A la « porte d’entrée » de l’hôpital, au service des urgences, il y a désormais cinq à six passages Covid-19 par jour. Si ce n’est pas un gros volume, c’est deux fois plus qu’il y a quinze jours. « Ne parlez pas que du Covid, ce n’est pas le vrai problème », lâche d’emblée, ici, Eric Thibaud, comme une supplique. Le chef du service des urgences prend sa garde de nuit. Il est 18 h 30. Et il tient à le rappeler : le Covid-19 ne fait que s’ajouter à la « crise de l’hôpital », qui touche de plein fouet les urgences ces derniers mois, en forte tension pour trouver des lits « d’aval » pour hospitaliser leurs patients. « C’est la catastrophe, et on n’en voit pas la fin, dit l’homme de 39 ans. Ni comment l’hôpital s’en relèvera. »
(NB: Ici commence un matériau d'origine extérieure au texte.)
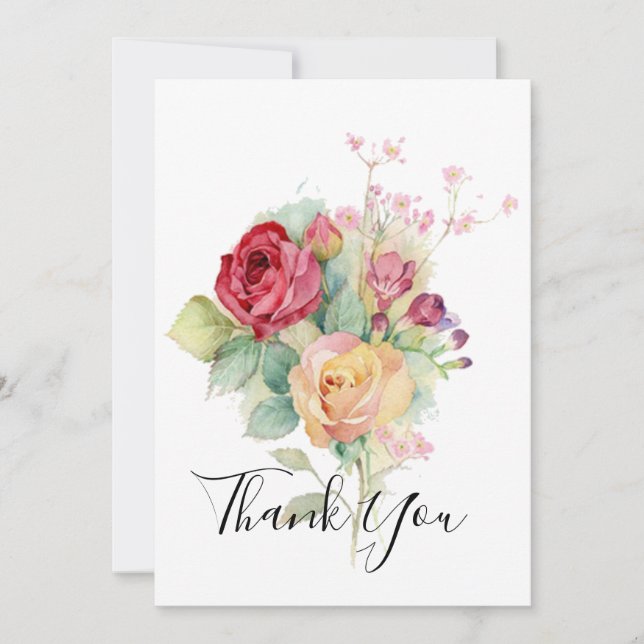 Carte De Remerciements Jardin de roses à l'aquarelle (Devant)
Depuis quelques jours, il a fallu de nouveau sanctuariser un secteur de six lits pour les malades du Covid-19 aux urgences, pour se prémunir des contaminations. « Ça fout les larmes aux yeux », dit Emmy Davin, qui s’occupe notamment des deux patients atteints du Covid-19 présents en ce début de nuit. L’infirmière parle du retour de l’épidémie, mais aussi de l’annulation de la fête de Noël du service, qu’elle vient d’apprendre.« C’est peut-être hyper-con, mais on se réjouissait vraiment de ça… Dès qu’on a l’impression de sortir la tête de l’eau, ça recommence », déplore la jeune femme de 23 ans, qui a vécu la première vague à Mulhouse (Haut-Rhin), comme étudiante.
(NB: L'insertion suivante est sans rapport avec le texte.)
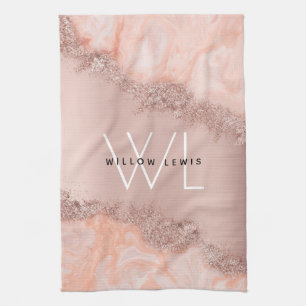 Rose Gold Blush Pink Agate Geode Glitter Monogram  Tea Towel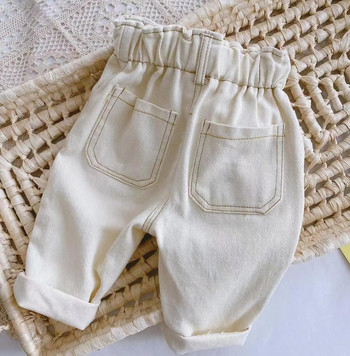 Бебешки панталони за бебета 0-4 години Бебешки меки дънки Пролетни момчета и момичета Корейско издание Едноцветни ежедневни големи PP панталони с висока талия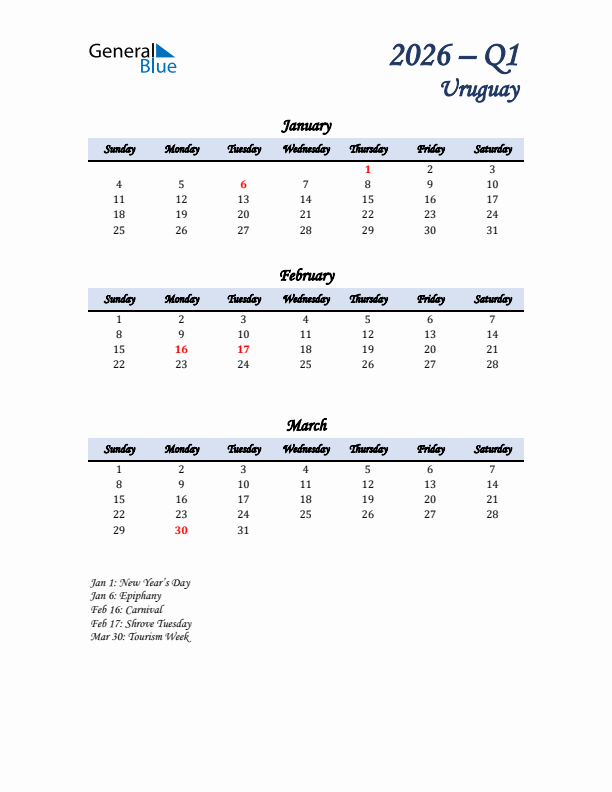 January, February, and March Calendar for Uruguay with Sunday Start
La docteure Kasarra Ben Hammouda discute calmement de vaccination avec l’un des deux patients malades du Covid-19. Un homme de 48 ans n’est « pas convaincu par les vaccins à ARN ». « J’adore les gens très pointus sur un domaine qui ne les concerne pas », dit-elle en souriant, après être sortie de la chambre, harnachée du plastique bleu ciel de sa blouse, sous le regard un peu surpris d’une femme âgée dans le couloir. Celle-ci veille son mari en fin de vie, dans la chambre à côté. Faute de place ailleurs, il a dû rester installé dans cette chambre du secteur Covid.
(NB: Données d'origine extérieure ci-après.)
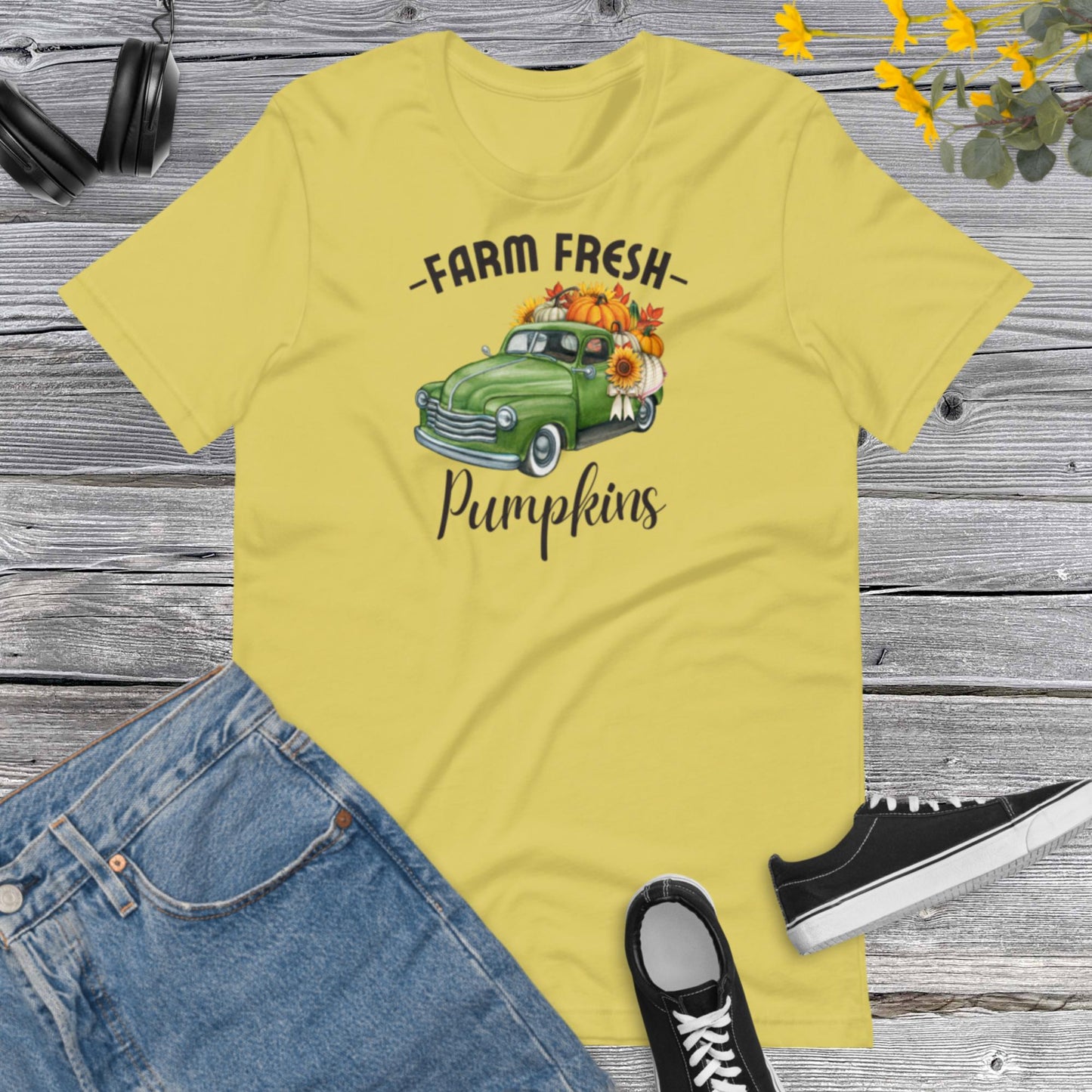 Farm Fresh Pumpkins Sunflower, Fall Truck Shirt, Pumpkin Shirt, Autumn Shirt, Fall Shirts, Happy ThanksgivingUnisex t-shirt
L’urgentiste de 41 ans tapote sur son ordinateur au poste de soins et enchaîne les coups de fil pour trouver des places à ses patients des quinze lits d’hospitalisation courte durée dont elle a la charge. L’un attend un lit en psychiatrie, l’autre en gériatrie. Un autre encore à l’hôpital de Guebwiller à quelques kilomètres. L’établissement vient tout juste d’annoncer qu’il fermait ses admissions, après la découverte d’un cluster de Covid-19.